Who are the farmworker women of Immokalee?

 
One of the most successful social-change initiatives of the past century.
— Harvard Business Review

Led by women and men who have survived and now fight against sexual violence and forced labor, the Coalition of Immokalee Workers (CIW) is an internationally-recognized human rights organization with over 20 years of experience combatting some of the worst abuses faced in U.S. agriculture.  The CIW Women's Group is one of the organization's most instrumental leadership bodies, a group of farmworker women who educate and mobilize for change within the farmworker communities of Florida as well as in cities from coast to coast with consumers.

In 2011, the CIW created the Fair Food Program to guarantee dignity and better wages through a new model of social responsibility. The Program, a unique partnership among farmers, farmworkers, and retail food companies, allows workers to be the frontline monitors of their own rights without fear of retaliation.

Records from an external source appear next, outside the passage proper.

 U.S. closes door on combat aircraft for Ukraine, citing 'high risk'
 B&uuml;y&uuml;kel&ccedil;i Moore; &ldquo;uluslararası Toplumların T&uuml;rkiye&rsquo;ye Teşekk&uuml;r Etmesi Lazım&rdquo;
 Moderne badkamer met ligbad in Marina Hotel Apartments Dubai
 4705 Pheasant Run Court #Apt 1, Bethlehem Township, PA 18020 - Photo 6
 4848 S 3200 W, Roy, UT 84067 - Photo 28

Through the Fair Food Program, the CIW has brought dignity and respect to the more than 35,000 workers who are protected under the FFP each year.  The Fair Food Program currently covers 90% of the Florida tomato industry as well as tomato farms in Georgia, North Carolina, South Carolina, Virginia, Maryland and New Jersey. The Program has also expanded into Florida strawberries and bell peppers.

The Fair Food Program emerged from the CIW’s successful nationwide Campaign for Fair Food, which educates consumers on the issue of farm labor exploitation – its causes and solutions – and forges alliances between farmworkers and consumers that enlist the market power of major corporate buyers to help end that exploitation.  Since 2001, the campaign has combined creative, on-the-ground actions with cutting edge online organizing to win Fair Food Agreements with fourteen multi-billion dollar food retailers, including Walmart, McDonald’s, Subway, Sodexo and Whole Foods, establishing more humane farm labor standards and fairer wages for farmworkers.

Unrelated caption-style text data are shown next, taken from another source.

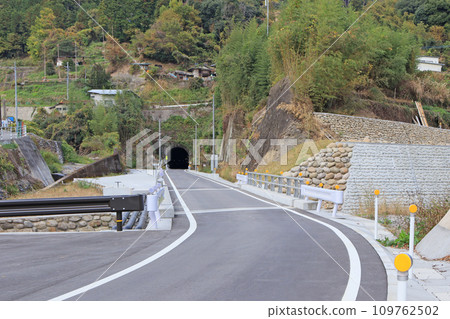 福岡縣朝倉區東豐村日田彥山線BRT巴士專用道路 福岡縣朝倉區東豐村日田彥山線BRT巴士專用道路 109762502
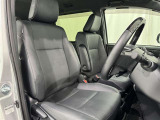 高いホールド性で運転姿勢が安定します。長距離ドライブでも疲れにくいのが魅力です。快適なドライビングライフをお送りください♪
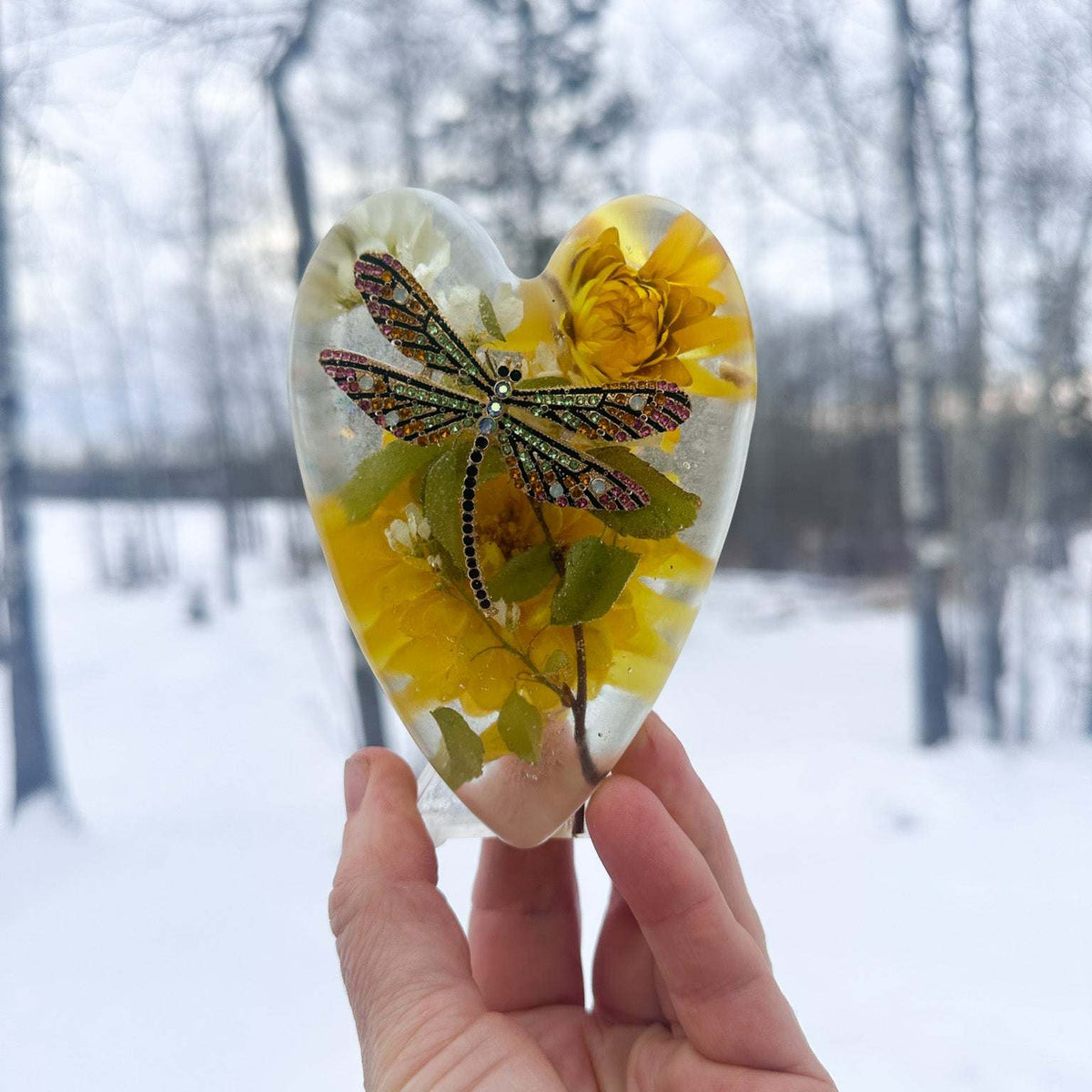 Enchanted Garden Heart - Resin Decor with Dragonfly & Real Flowers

Even with the remarkable change that has taken place in the fields, the CIW continues to work tirelessly to expand the Fair Food Program by bringing in additional retail buyers who seek to use their market power to protect the fundamental human rights of the farmworkers who harvest the nation's food.  Wendy's, for example, has not only refused to join the Fair Food Program (FFP), but has stopped buying tomatoes from Florida since the implementation of the FFP there. Rather than support an industry setting new standards for human rights, Wendy's took its tomato purchases to Mexico, where workers continue to confront wage theft, sexual harassment, child labor, and even slavery without access to protections.